14.12.2011 г.

Modern technical analysis or does the Dow Theory still holds?

I have been thinnking lately about the technical analysis in general. I mean thinking about the very foundation of the technical analysis the Dow Theory. For those who are not really familiar with the Dow theory I suggest the Wikipedia link.

I write this because I had some very deep doubts about the Dow theory in general.

I think that the Dow theory is a particular case of market behaviour and not the general way the markets will have to behave in the future.

Here I would like to add two screen shots on the daily chart of the EUR/USD.

Here I will only include two tenets of the theory:

I use exerts from the Wikipedia article with some minor comments.



1. The market has three movements

(1) The "main movement", this is the primary movement or major trend and it may last from less than a year to several years. The main movement can be bullish (we can say we have a bull market) or bearish (bear market).

(2) The "medium swing", is a secondary reaction or intermediate reaction (that means a counter trend movement or opposite of the main trend movement) may last from ten days to three months and generally retraces from 33% to 66% of the primary price change since the previous medium swing or start of the main movement.
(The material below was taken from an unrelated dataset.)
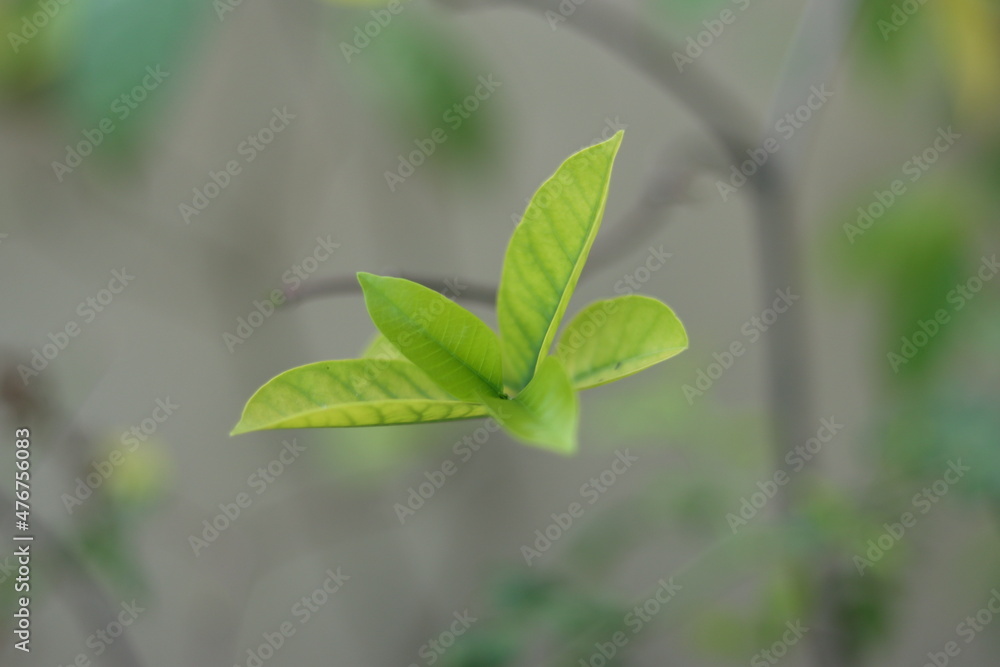 Green leaves with beautiful white flowers. Home garden plants Green leaves with beautiful white flowers. Home garden plants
(3) The "short swing" or minor movement it varies with opinion from hours to a month or more. Those three movements may be simultaneous, for instance, a daily minor movement in a bearish secondary reaction in a bullish primary movement.

In the modern talk we can say we have self similarity as nested elements. However at the time of Dow this vocabulary did not exist.

2. Market trends have three phases

Dow Theory asserts that major market trends are composed of three phases: an accumulation phase, a public participation phase, and a distribution phase. The accumulation phase (phase 1) is a period when investors "in the know" are actively buying (selling) stock against the general opinion of the market. During this phase, the stock price does not change much because these investors are in the minority demanding (absorbing) stock that the market at large is supplying (releasing). Eventually, the market catches on to these astute investors and a rapid price change occurs (phase 2). This occurs when trend followers and other technically oriented investors participate. This phase continues until rampant speculation occurs. At this point, the astute investors begin to distribute their holdings to the market (phase 3).

Look at the chart and in whic chart that holds true:


















Take a look again at those chart. For the first chart we can say how easy it is. The market behaves according to the Dow Theory.

We see the primary trend, we see the secondary trend. We see the corrections. All that is very nice looking.

You may be a technical trader you are going to make it. If you are going to be a fundamental trader you are going to make it, I do not thing your fundamental analysis would favour taking positions against the trend. If you use a well diversified portfolio in the Stock market you are going to be very well money would keep coming in the bank.

We know that we cannot know the future we can make forecasts based on models, but if the very model is going wrong what is going to happen.

Look at the second chart now. Where is the trend. We have some kind of a different movement. With a minimum of imagination you are going to see trends. But comme on that second picture has nothing to do with the first one. Of course you can fit any market in the Dow model but doing so you may distort the reality and eventually that would affect your bank account in one way or another.

I think that if you want that your trading account and after all your bank account is healthy your models need to cope with reality. However the Dow Theory is a too breautiful model that we just cannot allow ourseles to let it die.